La costa e le spiagge

Lungo la strada panoramica che parte da Capo Boi, il punto più meridionale dell’area, si trovano le meravigliose spiagge di Porto sa Ruxi, Campus e Campulongu. Non lontano dalla città vi è invece l’insolita spiaggia del Riso, che prende questo curioso nome dalla sua sabbia, a forma di granelli di riso.

Passato il porto turistico moderno, sul lato occidentale di Capo Carbonara, si trovano insenature tra le scogliere, tra cui Cala Caterina. Sul versante orientale si trovano altre bellezze mozzafiato, come Porto Giunco e poco più lontano la zona paludosa di Notteri dove nidificano i fenicotteri rosa e altre rare specie di uccelli selvatici.

Dall’alto del promontorio che si affaccia su Porto Giunco, dove svetta anche una torre aragonese costruita dagli spagnoli, il panorama è mozzafiato. Più a nord si trovano le spiagge di Simius e Traias, seguite da Rio Trottu e Manunzas, che fanno da sfondo a Punta Molentis, altra gemma di Villasimius.

Il porto turistico

A 2 chilometri dal centro, a ridosso del promontorio di Capo Carbonara, si trova il Porto turistico, con 740 posti barca, da cui salpare per escursioni alla volta dell’Isola dei Cavoli e l’Isola di Serpentara. Poco oltre si trova la Fortezza Vecchia, oggi adibita a museo Archeologico, un edificio risalente al XIV secolo.

Riserva marina di Capo Carbonara

Per chi ama le immersioni, la zona di Villasimius saprà regalare mille emozioni. Da Capo Boi all’Isola di Serpentara, dall’isola dei Cavoli e ai ruderi, che sono i luoghi dove riposano le navi naufragate in tutte le epoche, la riserva marina di Capo Carbonara è ricca di tesori subacquei: potrete osservare immensi banchi di pesci che si muovono come nuvole e una ricca vegetazione marina, oltre ad una serie di reperti archeologici. L’area è stata fin da sempre popolata, a partire dall’epoca romana e punica.

I musei e l’età nuragica

Ad una vacanza di mare, a Villasimius si può poi alternare qualche visita a musei e ad antichi siti archeologici: non lontano vi sono infatti alcuni siti di gran rilevanza. Andate a visitare i resti dell’età nuragica, oppure visitate le necropoli Accu Is Traias e Cruccuris, risalenti al I-II secolo, nei pressi dei bagni romani di Santa Maria, e il sito archeologico Cuccureddus, un antico insediamento punico, passato nei secoli successivi in mano ai Romani.

Il museo archeologico

Non perdete il museo archeologico, che ha raccolto tutti i ritrovamenti dei tesori che ha nascosto il fondo del mare durante i secoli.

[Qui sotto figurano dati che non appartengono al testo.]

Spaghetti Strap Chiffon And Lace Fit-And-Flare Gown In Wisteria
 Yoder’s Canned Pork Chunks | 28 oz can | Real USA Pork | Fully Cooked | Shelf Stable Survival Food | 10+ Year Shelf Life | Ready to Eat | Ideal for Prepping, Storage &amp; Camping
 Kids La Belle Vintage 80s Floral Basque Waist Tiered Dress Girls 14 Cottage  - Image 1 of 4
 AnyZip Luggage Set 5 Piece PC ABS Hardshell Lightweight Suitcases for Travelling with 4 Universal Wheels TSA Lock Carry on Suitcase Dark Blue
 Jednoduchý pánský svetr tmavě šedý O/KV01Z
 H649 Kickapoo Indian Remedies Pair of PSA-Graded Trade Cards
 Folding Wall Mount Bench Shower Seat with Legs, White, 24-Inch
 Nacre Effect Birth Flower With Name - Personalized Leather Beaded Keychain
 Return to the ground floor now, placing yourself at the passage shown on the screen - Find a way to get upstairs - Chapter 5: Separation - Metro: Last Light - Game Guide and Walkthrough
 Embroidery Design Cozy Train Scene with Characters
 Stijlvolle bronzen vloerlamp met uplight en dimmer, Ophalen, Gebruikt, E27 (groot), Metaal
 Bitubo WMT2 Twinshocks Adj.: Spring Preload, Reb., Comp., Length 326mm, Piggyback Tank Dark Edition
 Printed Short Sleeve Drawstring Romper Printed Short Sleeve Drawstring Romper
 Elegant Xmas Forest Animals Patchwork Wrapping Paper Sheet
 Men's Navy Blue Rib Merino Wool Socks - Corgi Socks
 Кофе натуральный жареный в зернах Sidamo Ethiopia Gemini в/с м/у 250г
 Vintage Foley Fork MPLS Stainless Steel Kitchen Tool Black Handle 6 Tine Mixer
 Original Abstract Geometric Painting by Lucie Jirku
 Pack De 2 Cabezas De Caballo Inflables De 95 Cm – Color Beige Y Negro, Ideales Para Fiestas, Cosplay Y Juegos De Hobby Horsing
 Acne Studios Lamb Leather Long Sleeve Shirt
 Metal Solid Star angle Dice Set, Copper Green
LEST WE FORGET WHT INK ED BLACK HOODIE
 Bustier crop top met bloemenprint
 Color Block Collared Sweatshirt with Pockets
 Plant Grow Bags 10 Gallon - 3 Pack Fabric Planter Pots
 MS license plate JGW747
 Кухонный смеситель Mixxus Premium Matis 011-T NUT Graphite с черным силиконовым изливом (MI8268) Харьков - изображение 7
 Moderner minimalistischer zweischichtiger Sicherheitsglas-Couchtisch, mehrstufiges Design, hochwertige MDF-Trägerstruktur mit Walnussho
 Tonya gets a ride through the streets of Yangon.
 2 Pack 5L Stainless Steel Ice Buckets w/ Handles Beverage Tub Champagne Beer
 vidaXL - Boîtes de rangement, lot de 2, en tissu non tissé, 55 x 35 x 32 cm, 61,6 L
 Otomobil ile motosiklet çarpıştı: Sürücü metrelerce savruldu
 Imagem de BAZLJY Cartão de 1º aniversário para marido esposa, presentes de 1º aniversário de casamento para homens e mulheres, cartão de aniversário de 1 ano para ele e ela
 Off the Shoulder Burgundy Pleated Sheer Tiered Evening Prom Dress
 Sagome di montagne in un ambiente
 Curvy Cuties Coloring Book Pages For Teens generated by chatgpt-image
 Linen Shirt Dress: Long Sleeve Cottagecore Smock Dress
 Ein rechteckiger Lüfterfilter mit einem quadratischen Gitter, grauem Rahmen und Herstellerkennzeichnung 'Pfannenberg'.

Uno fra questi è la statua della Vergine del Mare, che si trovava sul fondo vicino all’isola di Cavoli. La statua è opera dello scultore Pinuccio Sciola. Ogni anno a fine luglio durante la Festa della Madonna del Naufrago, si commemorano coloro che hanno perso la vita in mare, durante la quale la statua della Vergine viene portata in processione fino in riva al mare.

Come arrivare

Villasimius dista 50 chilometri da Cagliari e si raggiunge in auto con un tragitto di 45 minuti. Se si proviene invece da Arbatax, occorre prendere la strada Orientale Sarda, un percorso ricco di viste panoramiche da togliere il fiato, che si completa in circa 3 ore. In alternativa si può raggiungere Villasimius in autobus, taxi o navetta dall’aeroporto di Cagliari.

Dove dormire a Villasimius

Di seguito alcune strutture consigliate per una vacanza a Villasimius:

  • Residence Le Fontane: Il Residence Le Fontane mette a disposizione dei suoi ospiti appartamenti climatizzati e luminosi, dotati di angolo cottura e di un parcheggio privato. Tra i servizi, la TV, l’ingresso indipendente, la connessione a internet wi-fi gratuita nella zona reception, un ristorante e un bar.
  • Hotel Raffael: Questo hotel si trova a 2 chilometri da una bellissima spiaggia ed è circondato da giardini. Il centro di Villasimius e il museo archeologico sono raggiungibili a piedi, con una piacevole passeggiata. Dalle camere si ha una splendida vista dei tetti della città o delle colline. A colazione vi saranno serviti dolci, torte e frutta fresca.
  • Falkesteiner Resort Capo Boi: Questo hotel di lusso si trova vicino al mare ed è dotato di una spiaggia privata attrezzata con ombrelloni e sdraio. Vi è la possibilità di praticare vela, sport acquatici, calcetto e tennis. La spa dell’hotel, l’Acquapura, offre massaggi e una piscina all’aperto con idromassaggio.